Toute de suite
– M6 (Lancaster – Manchester). Avril 2009 –
Plier, déplier. Deux opérations fondatrices de tout monde commun.
Que dit un panneau “virage dangereux” ? Que fait-il ? Qu’y trouve-t-on replié ? La question est éminemment difficile et le vaste territoire de ses réponses dit beaucoup sur ce que c’est qu’une société. On pourrait, pour savoir, faire des expériences. Demander le plus simplement possible à celui qui le croise ce qu’il en pense. Peut-être que le panneau avertit et déclenche ainsi des stratégies.
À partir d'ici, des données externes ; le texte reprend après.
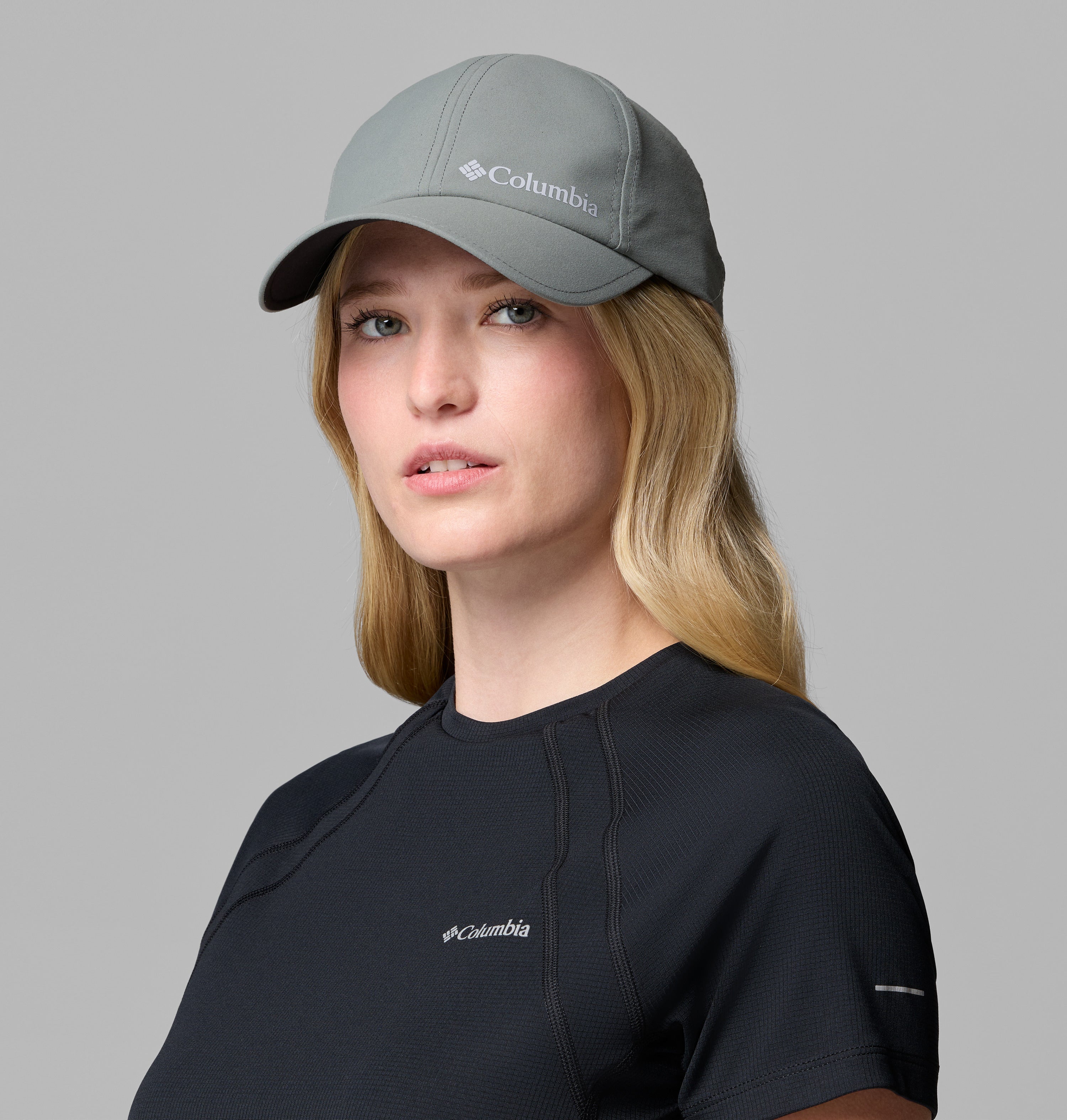 Silver Ridge Iv Ball Cap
Ou brancher des sondes sur les conducteurs. Et mesurer leurs mouvements, leur rythme cardiaque, leur transpiration. Peut-être que le panneau met dans un certain état et prépare ainsi à la délicate manipulation du volant, de la pédale de frein, voire du débrayage. Si l’on oublie un peu l’éthique, on pourrait aussi observer le même genre de comportement lors du passage d’un virage dangereux dont on aurait enlevé le panneau annonciateur. Au nombre d’accidents, de dérapages, on saurait ce que vaut le dit panneau.
Ou alors, on peut partir. Faire encore une fois advenir un petit décalage, quelques kilomètres et les objets d’une autre culture. Car chez d’autres toute cette ambiguïté n’est pas très appréciée. Il faut préciser. Et là, le panneau n’apparaît pas seulement tourné, si l’on ose dire, vers la suite. Il n’est pas tant à lire au futur qu’au présent. À l’impératif. Le panneau invite à freiner maintenant, c’est-à-dire ici.